The device all weights, biases, activations, etc. reside on.

property dim

The hidden dimension after gating.

property dtype

The dtype of all weights, biases, activations, and parameters.

forward(inp)[source]

Forward pass through a gated linear unit (GLU) with a hidden layer.

Parameters:

inp (Tensor) – The size of the last dimension is expected to be mod_dim.

Returns:

Same dimensions and sizes as the input tensor.

Return type:

Tensor

property mod_dim

The model dimension.

new()[source]

Return a fresh, new instance with exactly the same parameters.

Returns:

A fresh, new instance of itself.

Return type:

GatedHiddenBlock

reset_parameters()[source]

Re-initialize the internal parameters of the block.

class GatedActivatedBlock(mod_dim, activate=ELU(alpha=1.0), gate=Sigmoid(), bias=True, device='cpu', dtype=torch.float32)[source]

Bases: Block

Gated Residual Network (GRN) for efficiently extracting information.

Parameters:
  • mod_dim (int) – Size of the feature space. The input tensor is expected to be of that size in its last dimension and the output will again have this size in its last dimension.

  • activate (Module or function, optional) – The activation function to be applied after (linear) projection, but prior to gating. Must be a callable that accepts a tensor as sole argument, like a module from torch.nn or a function from torch.nn.functional, depending on whether it needs to be further parameterized or not. Defaults to an ELU activation.

  • gate (Module or function, optional) – The activation function to be applied to half of the (non-linearly) projected input before multiplying with the other half. Must be a callable that accepts a tensor as sole argument, like a module from torch.nn or a function from torch.nn.functional, depending on whether it needs to be further parameterized or not. Defaults to a sigmoid.

  • bias (bool, optional) – Whether to add a learnable bias vector in the projections. Defaults to True.

  • device (str or torch.device, optional) – Torch device to first create the block on. Defaults to “cpu”.

  • dtype (torch.dtype, optional) – Torch dtype to first create the block in.
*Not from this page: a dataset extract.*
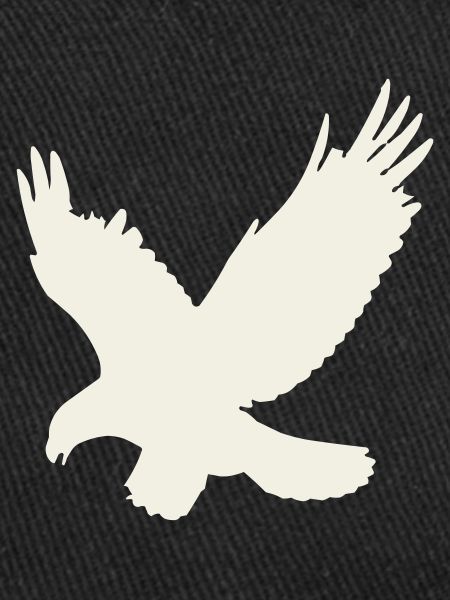Silhouette d’aigle en vol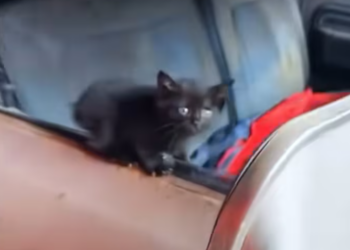 T2901012,A fragile kitten rescued from a world too harsh 💔 #kittenrescue #animalhope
Defaults to torch.float.

Note

Inspired by Gated Residual Network (GRN) introduced in [1], this module (linearly) projects the input, applies a non-linearity, and gates the result by a sigmoid activation of a projection of the same intermediate representation, giving the model per-dimension control over how much non-linearity contributes to the output.

References

property device

The device all weights, biases, activations, etc. reside on.

property dtype

The dtype of all weights, biases, activations, and parameters.

forward(inp)[source]

Forward pass through a single gated residual network (GRN).

Parameters:

inp (Tensor) – The size of the last dimension is expected to be mod_dim.

Returns:

Same dimensions and sizes as the input tensor.

Return type:

Tensor

property mod_dim

The model dimension.

new()[source]

Return a fresh, new instance with exactly the same parameters.

Returns:

A fresh, new instance of itself.

Return type:

GatedActivatedBlock

reset_parameters()[source]

Re-initialize the internal parameters of the block.

class SkipConnection(block, dropout=0.0, norm_first=True, norm_cls=<class 'swak.pt.misc.identity.Identity'>, *args, device='cpu', dtype=torch.float32, **kwargs)[source]

Bases: Block

Add a residual/skip connection around the wrapped neural-network block.

Parameters:
  • block (Block) – The block to wrap the residual/skip connection around. The reason why this cannot simply be a Module is that currently PyTorch does not provide a reasonable way of cloning them.

  • dropout (float, optional) – The amount of dropout to apply to the block’s output before adding it back to the activated residual. Defaults to 0.

  • norm_first (bool, optional) – If True, normalize the inputs before passing them through the block and adding the outputs to the raw inputs. If False, pass inputs through the block first and normalize the sum of the inputs and outputs afterward. Defaults to True.

  • norm_cls (type, optional) – The class of the norm to be applied after adding input to output, e.g., LayerNorm or BatchNorm1d. Again, this is needed to easily create a fresh, new instances with equal, but independent parameters. Defaults to Identity, resulting in no normalization.

  • *args – Arguments used to initialize an instance of norm_cls.

  • device (str or torch.device, optional) – Torch device to first create the block on. Defaults to “cpu”.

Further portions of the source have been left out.